Jean: Tem sido assustador. Por muito tempo foi muito assustador, o medo de sair da casa, e a gente ainda fica protegendo muito. Mas acho que hoje é também perigoso porque o sentimento da pandemia está internalizado. As pessoas estão estressadas. As que já estão envolvidas e são a favor das medidas protetivas, do recolhimento em casa, também estão muito estressadas. Você sai na rua e vê gente sem máscara […] A coisa está muito dicotômica e está bem difícil.

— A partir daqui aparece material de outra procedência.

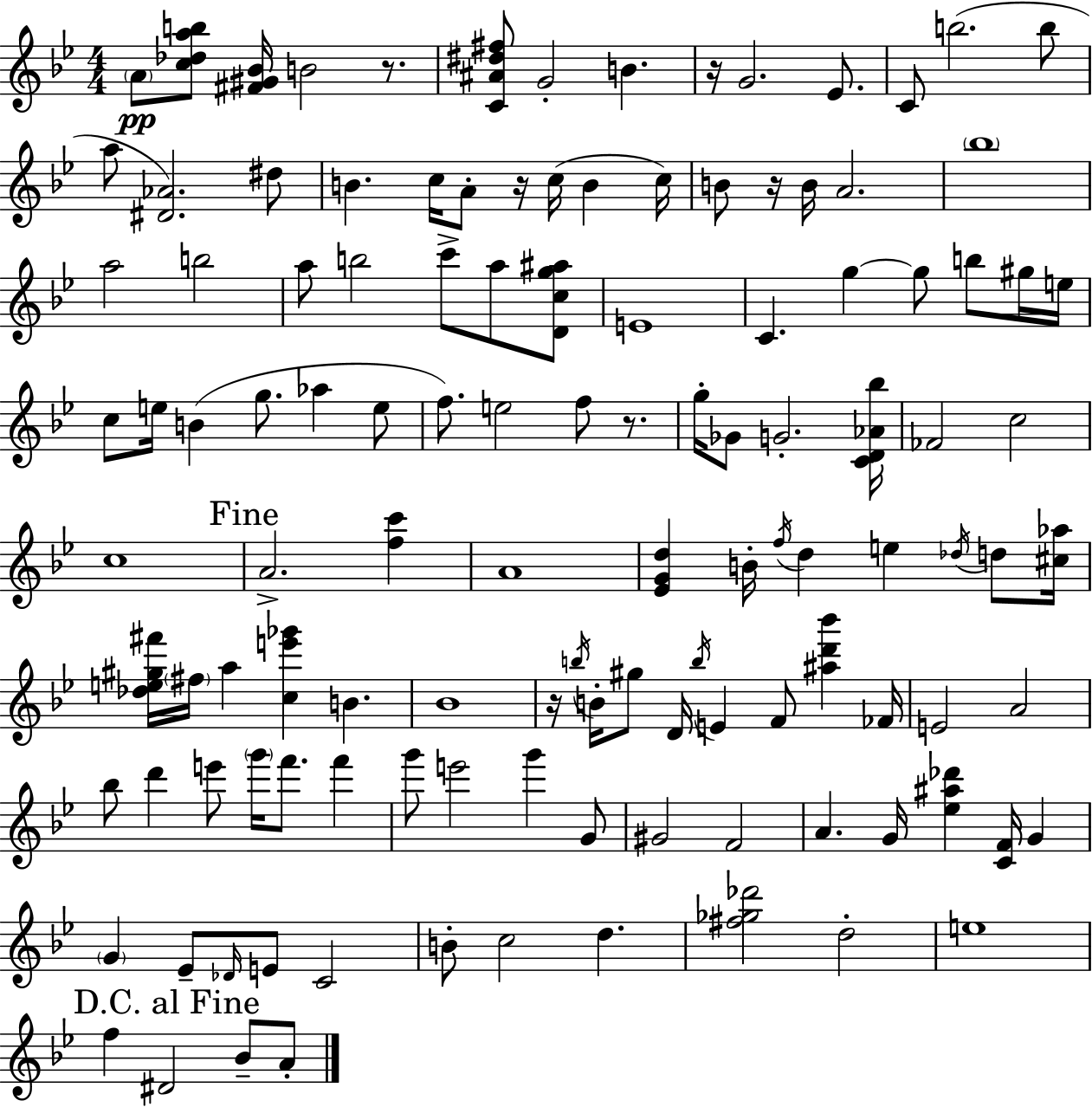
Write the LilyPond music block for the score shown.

Lio: A pior parte da pandemia é que, pra viver bem, você precisa dalgum jeito ignorar algumas coisas em momentos do seu dia. Se você deixa com que a consciência completa te tome o tempo inteiro, você fica doente. E na pandemia isso fica mais complicado, porque parece que está cada vez mais evidente o quanto a gente ainda vive um período neandertal. Em que a vida em sociedade não é levada em conta a partir de nenhum outro aspecto que não seja uma disputa muito antiga por poder, mas essa disputa é um massacre, né? De quem detenha alguma espécie de poder. Parece que as autoridades que estão postas pra providenciar pro cidadão um mínimo de paz, parece que existe um esforço muito grande de massacrar qualquer coisa que não seja ele próprio, qualquer tipo de governante. Então acho que tem esse problema xarope da pandemia das nossas vidas em risco com relação à saúde, mas acho que talvez o que tem estragado mais a cabeça do pessoal é ficar em casa, sendo bombardeado por uma série de coisas que a gente sabia atrás da cabeça. A gente sempre soube que os governantes, as autoridades locais, as autoridades estabelecidas que existem para facilitar o fluxo da vida em sociedade, a gente sempre soube que objeto deles era outro. Mas a gente já estava vivendo com isso, né? […] Depois do golpe a gente vê uma saturação de quem a gente é; parece que tudo dia alguém esfrega na nossa cara o quão falida é a nossa vida do jeito que a gente se organizou. E o quanto a gente vive a mentira de pensar que a gente caminhou pra algum lugar […] A gente reconhece nossos avanços, nossos progressos. Estão aqui três pessoas pretas dando uma entrevista a respeito dum trabalho artístico. Isso é muito bonito, mas enquanto a gente está conversando sobre isso, (outras pessoas pretas) estão sendo assassinadas em algum lugar. Acho que o pior é que, durante essa pandemia, talvez nossa maior preocupação tenha sido se manter são. Vai fazer um ano de terapia ininterrupta. Ninguém conseguia acreditar o processo nem entender direito que era um item. Eu não tinha acesso nem tinha a percepção do pra que serve, qual é a função. Sinto muito que, talvez a nossa maior preocupação, enquanto ao grupo, enquanto indivíduos, é se manter são pra não deixar isso tudo nos vencer.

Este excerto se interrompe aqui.